Below are lines of data, and only some are wanted. Please repeat exactly those from the line that has "2649 River Ridge" through the line that has "Fully equipped modern".

Caption-style text data
——

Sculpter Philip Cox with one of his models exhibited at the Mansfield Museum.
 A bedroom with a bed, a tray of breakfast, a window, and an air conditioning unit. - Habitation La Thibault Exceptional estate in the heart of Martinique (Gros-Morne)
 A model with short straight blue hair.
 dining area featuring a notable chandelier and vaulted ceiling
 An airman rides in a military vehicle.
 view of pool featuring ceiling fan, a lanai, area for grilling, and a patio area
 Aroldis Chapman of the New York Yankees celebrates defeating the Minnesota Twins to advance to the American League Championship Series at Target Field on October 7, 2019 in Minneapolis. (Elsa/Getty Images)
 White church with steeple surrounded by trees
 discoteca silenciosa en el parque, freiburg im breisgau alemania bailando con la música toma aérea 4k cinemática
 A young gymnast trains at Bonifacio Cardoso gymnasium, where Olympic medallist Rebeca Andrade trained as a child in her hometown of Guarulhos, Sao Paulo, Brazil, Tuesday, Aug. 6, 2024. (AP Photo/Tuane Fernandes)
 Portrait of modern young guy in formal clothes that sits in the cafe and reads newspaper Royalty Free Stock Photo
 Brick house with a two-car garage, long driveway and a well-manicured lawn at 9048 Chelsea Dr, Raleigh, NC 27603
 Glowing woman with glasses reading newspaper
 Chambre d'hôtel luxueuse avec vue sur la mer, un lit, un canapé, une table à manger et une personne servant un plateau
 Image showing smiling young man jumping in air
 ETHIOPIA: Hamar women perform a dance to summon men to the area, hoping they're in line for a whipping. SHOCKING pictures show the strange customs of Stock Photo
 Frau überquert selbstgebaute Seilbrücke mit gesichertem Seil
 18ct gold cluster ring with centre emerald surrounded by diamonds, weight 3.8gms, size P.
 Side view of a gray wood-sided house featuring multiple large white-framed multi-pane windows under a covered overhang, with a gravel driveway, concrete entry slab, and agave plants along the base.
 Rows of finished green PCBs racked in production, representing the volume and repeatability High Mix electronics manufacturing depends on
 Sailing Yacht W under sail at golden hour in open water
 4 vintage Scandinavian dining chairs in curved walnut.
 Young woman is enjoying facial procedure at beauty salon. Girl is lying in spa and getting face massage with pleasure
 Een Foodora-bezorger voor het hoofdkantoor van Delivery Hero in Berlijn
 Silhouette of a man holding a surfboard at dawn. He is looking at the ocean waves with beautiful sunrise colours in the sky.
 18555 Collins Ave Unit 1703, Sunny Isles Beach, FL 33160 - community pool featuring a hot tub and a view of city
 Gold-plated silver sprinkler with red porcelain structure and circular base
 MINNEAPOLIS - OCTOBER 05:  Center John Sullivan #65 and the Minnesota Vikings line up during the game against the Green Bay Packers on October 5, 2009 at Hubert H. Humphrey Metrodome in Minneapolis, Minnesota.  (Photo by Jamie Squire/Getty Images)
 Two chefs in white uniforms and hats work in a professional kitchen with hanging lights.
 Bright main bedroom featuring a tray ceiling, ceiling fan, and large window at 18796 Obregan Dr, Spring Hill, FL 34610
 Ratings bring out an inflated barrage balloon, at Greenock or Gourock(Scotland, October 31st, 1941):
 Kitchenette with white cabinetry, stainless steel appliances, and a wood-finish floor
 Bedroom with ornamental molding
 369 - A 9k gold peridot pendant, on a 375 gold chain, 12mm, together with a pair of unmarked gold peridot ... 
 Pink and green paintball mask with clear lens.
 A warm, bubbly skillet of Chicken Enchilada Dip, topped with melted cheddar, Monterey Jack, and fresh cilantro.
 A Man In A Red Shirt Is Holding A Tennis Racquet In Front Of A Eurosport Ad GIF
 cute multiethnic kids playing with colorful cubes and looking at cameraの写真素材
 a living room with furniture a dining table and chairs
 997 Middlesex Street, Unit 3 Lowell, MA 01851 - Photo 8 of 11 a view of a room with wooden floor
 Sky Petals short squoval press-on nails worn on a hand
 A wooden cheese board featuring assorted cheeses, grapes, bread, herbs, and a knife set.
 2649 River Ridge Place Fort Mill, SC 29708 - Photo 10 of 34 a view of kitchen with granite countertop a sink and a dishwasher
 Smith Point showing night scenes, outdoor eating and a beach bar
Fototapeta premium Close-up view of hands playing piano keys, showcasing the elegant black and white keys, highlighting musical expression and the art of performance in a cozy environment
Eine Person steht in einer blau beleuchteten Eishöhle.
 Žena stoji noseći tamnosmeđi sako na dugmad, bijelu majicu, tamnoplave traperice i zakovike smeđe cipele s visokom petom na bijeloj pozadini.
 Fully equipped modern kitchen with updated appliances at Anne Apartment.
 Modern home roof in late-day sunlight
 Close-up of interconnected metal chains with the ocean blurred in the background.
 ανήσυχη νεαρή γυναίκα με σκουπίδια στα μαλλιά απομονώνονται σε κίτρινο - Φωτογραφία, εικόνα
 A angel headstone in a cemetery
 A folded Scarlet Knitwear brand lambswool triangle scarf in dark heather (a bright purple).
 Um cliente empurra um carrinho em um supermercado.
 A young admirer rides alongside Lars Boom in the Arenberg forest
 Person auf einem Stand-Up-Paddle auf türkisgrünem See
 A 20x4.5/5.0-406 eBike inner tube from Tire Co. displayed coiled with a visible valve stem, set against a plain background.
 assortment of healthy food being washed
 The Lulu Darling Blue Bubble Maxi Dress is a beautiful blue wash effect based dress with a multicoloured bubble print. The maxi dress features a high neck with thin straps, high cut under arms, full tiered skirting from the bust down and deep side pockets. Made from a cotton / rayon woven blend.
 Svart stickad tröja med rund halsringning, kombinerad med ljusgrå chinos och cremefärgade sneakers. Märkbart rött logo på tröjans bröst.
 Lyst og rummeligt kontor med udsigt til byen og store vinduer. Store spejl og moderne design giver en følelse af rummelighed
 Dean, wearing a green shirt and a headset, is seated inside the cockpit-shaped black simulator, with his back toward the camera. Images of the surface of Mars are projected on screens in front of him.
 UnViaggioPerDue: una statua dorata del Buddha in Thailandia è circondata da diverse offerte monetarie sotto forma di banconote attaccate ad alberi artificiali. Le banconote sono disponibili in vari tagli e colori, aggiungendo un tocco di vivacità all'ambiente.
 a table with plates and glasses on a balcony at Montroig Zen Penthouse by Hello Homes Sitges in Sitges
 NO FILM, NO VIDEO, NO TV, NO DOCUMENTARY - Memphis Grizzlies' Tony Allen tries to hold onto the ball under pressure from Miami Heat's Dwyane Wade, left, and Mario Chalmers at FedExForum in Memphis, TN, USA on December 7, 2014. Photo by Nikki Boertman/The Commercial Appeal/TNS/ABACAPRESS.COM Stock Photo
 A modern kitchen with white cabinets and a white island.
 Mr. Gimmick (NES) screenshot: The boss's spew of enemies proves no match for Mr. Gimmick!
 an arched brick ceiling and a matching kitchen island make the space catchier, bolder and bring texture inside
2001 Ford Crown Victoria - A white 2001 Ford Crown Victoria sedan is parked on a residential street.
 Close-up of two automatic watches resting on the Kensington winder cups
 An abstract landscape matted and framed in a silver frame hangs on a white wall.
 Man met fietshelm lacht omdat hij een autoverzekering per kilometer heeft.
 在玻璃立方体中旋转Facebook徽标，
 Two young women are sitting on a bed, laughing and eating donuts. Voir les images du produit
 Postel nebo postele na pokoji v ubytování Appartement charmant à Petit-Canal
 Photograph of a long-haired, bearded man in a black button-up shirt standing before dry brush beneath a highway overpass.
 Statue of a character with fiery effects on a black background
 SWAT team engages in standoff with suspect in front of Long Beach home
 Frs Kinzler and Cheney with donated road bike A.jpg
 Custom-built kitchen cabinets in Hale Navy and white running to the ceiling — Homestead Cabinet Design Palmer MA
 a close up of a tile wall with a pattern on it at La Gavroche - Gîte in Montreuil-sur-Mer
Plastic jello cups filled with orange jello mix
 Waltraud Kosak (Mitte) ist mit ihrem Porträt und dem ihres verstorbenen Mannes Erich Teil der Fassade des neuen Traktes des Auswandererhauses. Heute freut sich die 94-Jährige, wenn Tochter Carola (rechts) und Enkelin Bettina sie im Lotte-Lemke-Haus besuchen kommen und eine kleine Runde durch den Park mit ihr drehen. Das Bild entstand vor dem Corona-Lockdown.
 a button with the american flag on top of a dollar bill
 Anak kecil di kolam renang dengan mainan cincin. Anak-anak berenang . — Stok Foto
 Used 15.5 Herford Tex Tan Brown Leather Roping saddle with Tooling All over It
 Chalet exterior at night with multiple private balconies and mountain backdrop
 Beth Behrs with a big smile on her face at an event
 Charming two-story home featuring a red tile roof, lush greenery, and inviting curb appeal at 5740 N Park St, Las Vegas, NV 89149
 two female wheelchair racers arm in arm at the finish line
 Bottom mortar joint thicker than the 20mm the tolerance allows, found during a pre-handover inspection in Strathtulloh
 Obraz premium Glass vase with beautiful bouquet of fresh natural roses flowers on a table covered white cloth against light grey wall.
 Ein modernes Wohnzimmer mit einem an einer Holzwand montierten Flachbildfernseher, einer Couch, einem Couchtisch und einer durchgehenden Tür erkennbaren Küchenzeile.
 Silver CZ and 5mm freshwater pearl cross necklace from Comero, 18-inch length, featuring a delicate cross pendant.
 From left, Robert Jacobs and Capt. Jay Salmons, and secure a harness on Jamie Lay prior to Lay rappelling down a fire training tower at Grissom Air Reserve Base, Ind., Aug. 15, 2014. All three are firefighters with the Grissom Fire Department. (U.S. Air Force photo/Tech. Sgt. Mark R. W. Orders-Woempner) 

——

## RESPONSE TO THIS TASK:
 2649 River Ridge Place Fort Mill, SC 29708 - Photo 10 of 34 a view of kitchen with granite countertop a sink and a dishwasher
 Smith Point showing night scenes, outdoor eating and a beach bar
Fototapeta premium Close-up view of hands playing piano keys, showcasing the elegant black and white keys, highlighting musical expression and the art of performance in a cozy environment
Eine Person steht in einer blau beleuchteten Eishöhle.
 Žena stoji noseći tamnosmeđi sako na dugmad, bijelu majicu, tamnoplave traperice i zakovike smeđe cipele s visokom petom na bijeloj pozadini.
 Fully equipped modern kitchen with updated appliances at Anne Apartment.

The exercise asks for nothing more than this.